_What to work on_. Word for word, restate the lines of the data below between those holding "We have an application" and "Stibostep can be", inclusive; pictures do not belong in the copy.

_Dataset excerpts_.
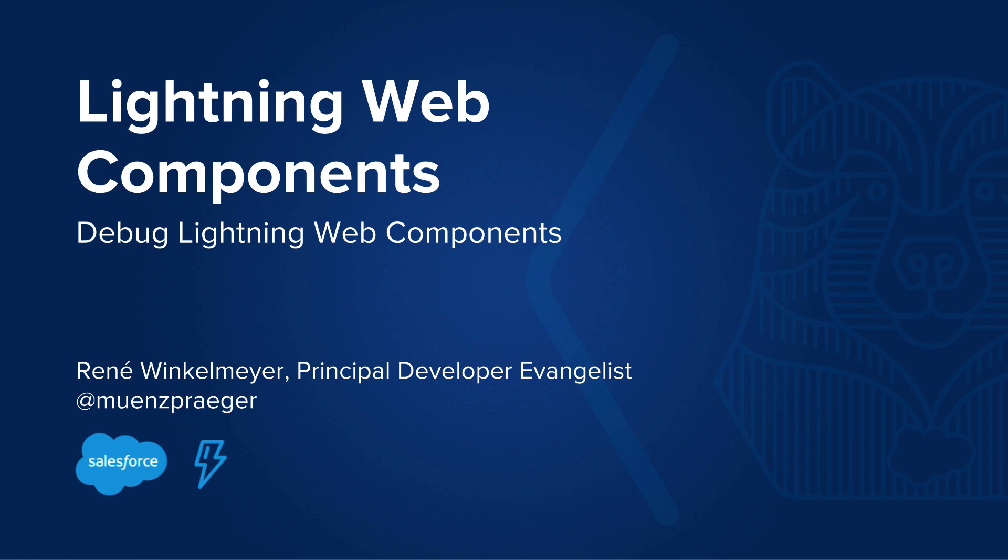Hello and welcome. My name is René Winkelmeyer and in this video we're going to talk about how you can debug your Lightning Web Components.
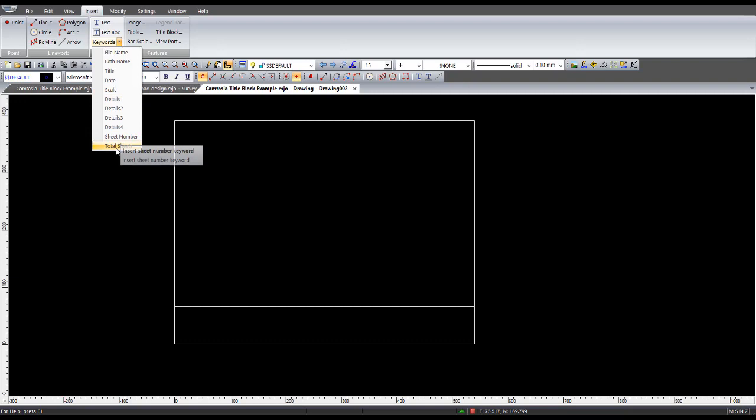And sheet number and total sheets is self-explanatory. So that's basically what keywords are and how you can set up the details 1, 2, 3, and 4.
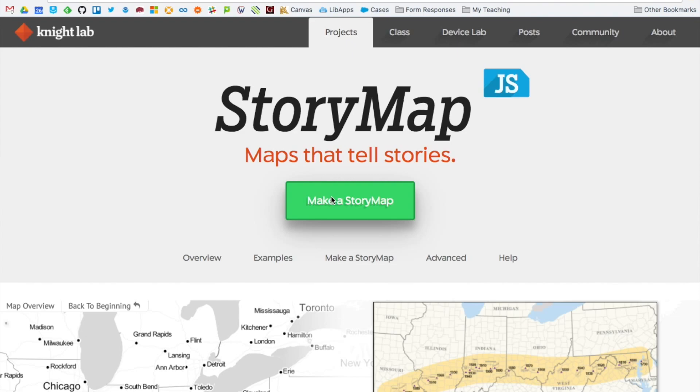StoryMap.js is a free and easy-to-use tool that allows you to create narrative interactive maps complete with a variety of multimedia. This tutorial will show you how to create your own story map.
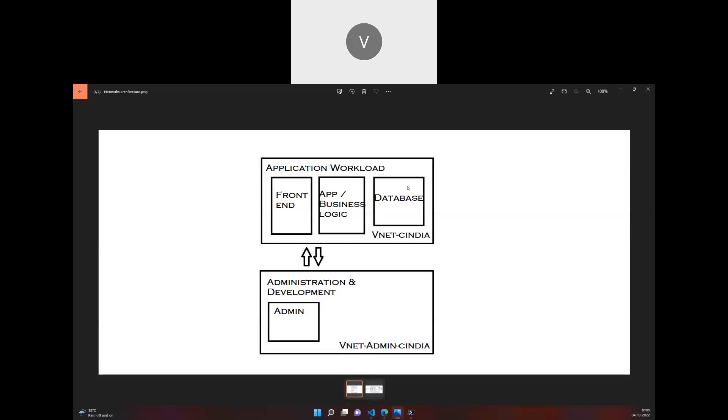We have an application workload running on a VNet, and similarly we'll have another VNet which will have the administration-related activities. Whatever machines will be hosted on the production architecture to perform administration activities will be there.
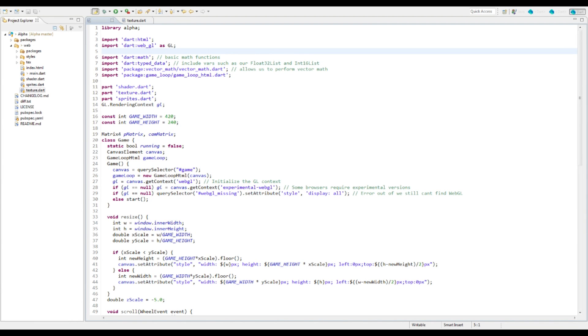Welcome to episode 16 of game dev. In this episode we're going to be taking a look at asynchronous functions and actually loading things in the future.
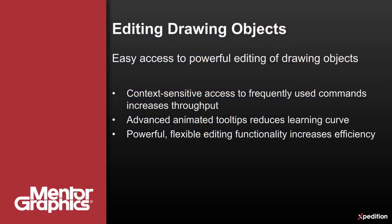Drawing objects may be quickly edited using context-sensitive actions, increasing throughput. Animated tooltips with step-by-step operation video reduce the learning curve required to take advantage of the powerful, flexible editing functionality found on the toolbars.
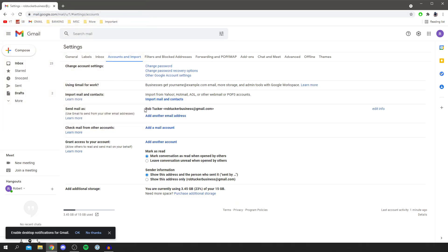There you go — it now says the new name, and that's what's going to be shown at the top of emails when you send them. You can change it to anything. Just to reiterate, this isn't going to change your whole Google account — it's just changing your name in your emails. That's literally it, guys. If you found this video useful, please go down below and hit that subscribe button, leave a like for more — I'll catch you in the next one.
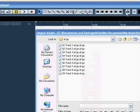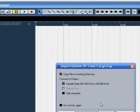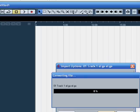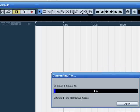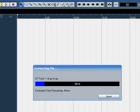Hey, what's up YouTubers. I got a problem with my recording software Cubase Studio 4. Every time I import a song it takes about a minute or two to load the song in my software. I was wondering if any of you guys can help me out with this problem.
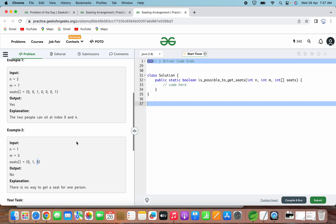The problem statement and both examples are now clear. For solving this problem, the approach we will use is marking the seats that are not available for seating, then counting the number of seats available. If the number of seats available is equal to or greater than n, we can conclude that all n people can find a seat.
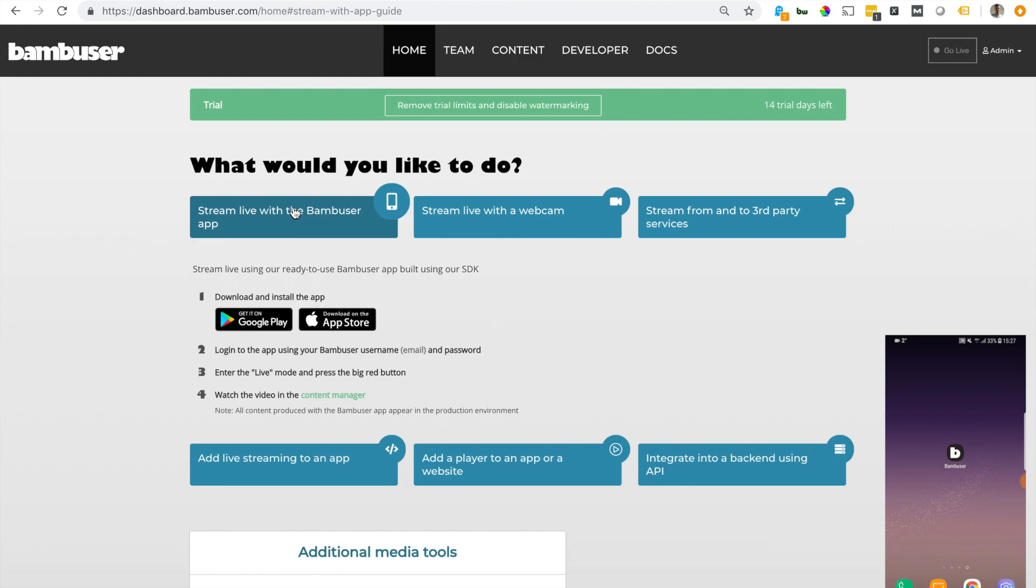This app is also built using our SDKs, so anyone is able to build a similar type of app using our SDKs.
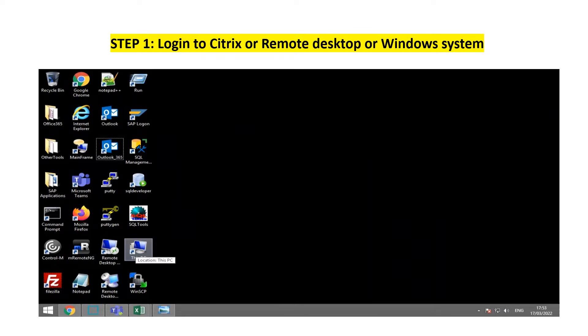Stibostep can be installed on a remote desktop or Windows system. It can be installed on Mac OS as well. We'll look at a Windows system now.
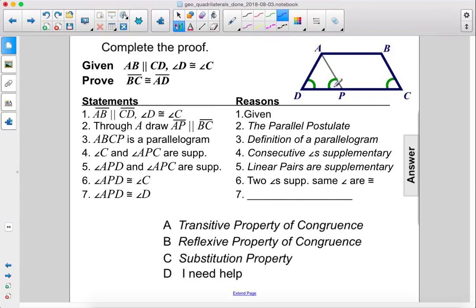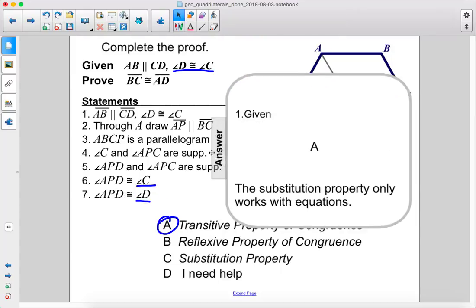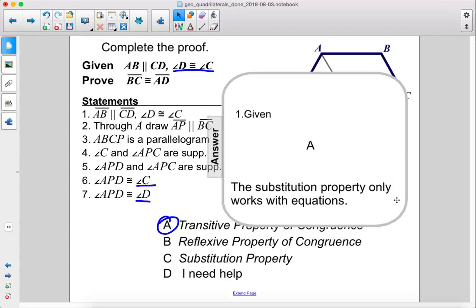We have angle APD is congruent to angle C, and we see up here that angle D is congruent to angle C. Therefore, we can use the transitive property of congruence to show that angle APD is also congruent to angle D. It would be substitution, but substitution property only works with equations.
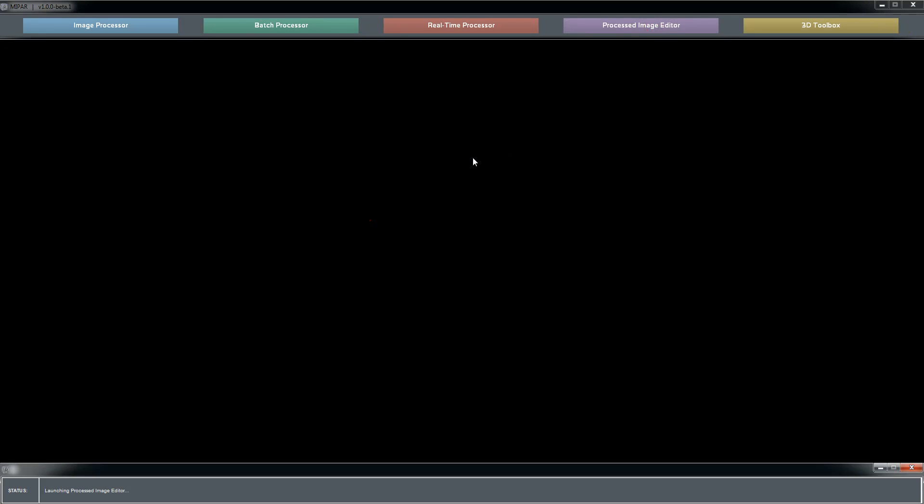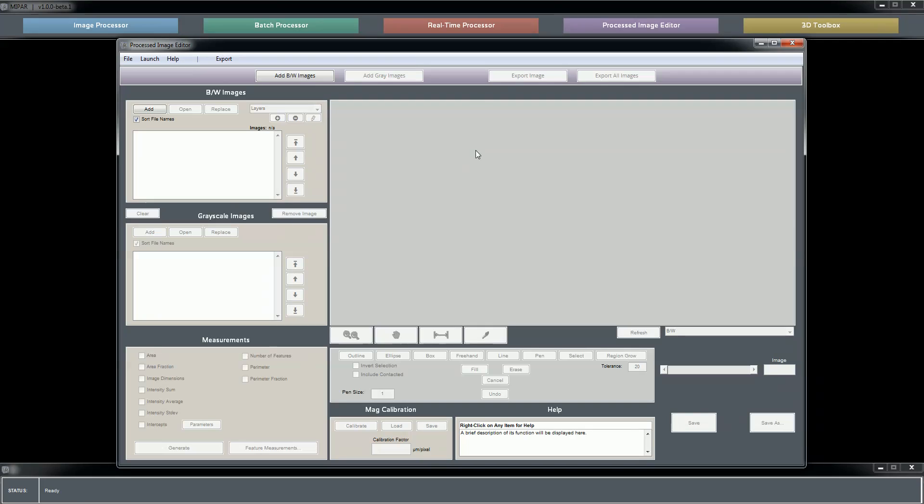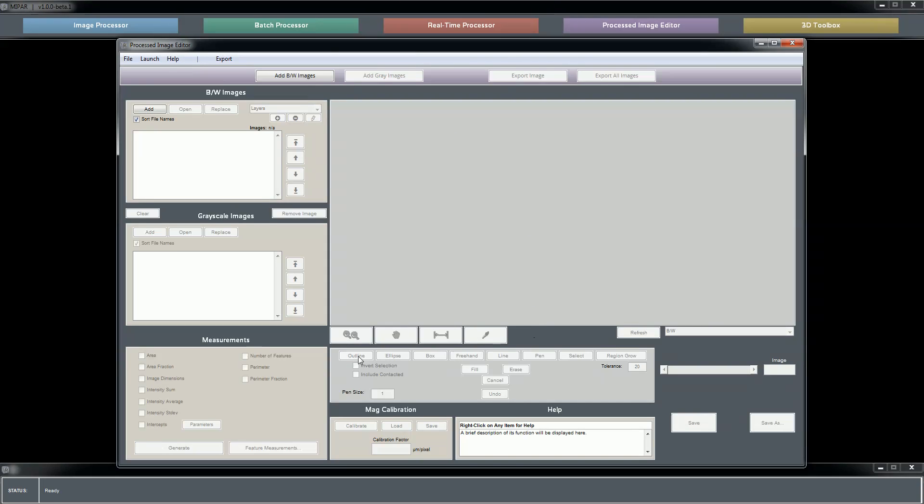The processed image editor - we'll take a quick look at that. Again, shortcut bar, common actions, menu bar. Here's where your processed images get loaded in, your original images are shown to you overlaid or in other modes over here, making manual edits.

_Completed exercise_.
We have an application workload running on a VNet, and similarly we'll have another VNet which will have the administration-related activities. Whatever machines will be hosted on the production architecture to perform administration activities will be there.
Welcome to episode 16 of game dev. In this episode we're going to be taking a look at asynchronous functions and actually loading things in the future.
Drawing objects may be quickly edited using context-sensitive actions, increasing throughput. Animated tooltips with step-by-step operation video reduce the learning curve required to take advantage of the powerful, flexible editing functionality found on the toolbars.
There you go — it now says the new name, and that's what's going to be shown at the top of emails when you send them. You can change it to anything. Just to reiterate, this isn't going to change your whole Google account — it's just changing your name in your emails. That's literally it, guys. If you found this video useful, please go down below and hit that subscribe button, leave a like for more — I'll catch you in the next one.
Hey, what's up YouTubers. I got a problem with my recording software Cubase Studio 4. Every time I import a song it takes about a minute or two to load the song in my software. I was wondering if any of you guys can help me out with this problem.
The problem statement and both examples are now clear. For solving this problem, the approach we will use is marking the seats that are not available for seating, then counting the number of seats available. If the number of seats available is equal to or greater than n, we can conclude that all n people can find a seat.
This app is also built using our SDKs, so anyone is able to build a similar type of app using our SDKs.
Stibostep can be installed on a remote desktop or Windows system. It can be installed on Mac OS as well. We'll look at a Windows system now.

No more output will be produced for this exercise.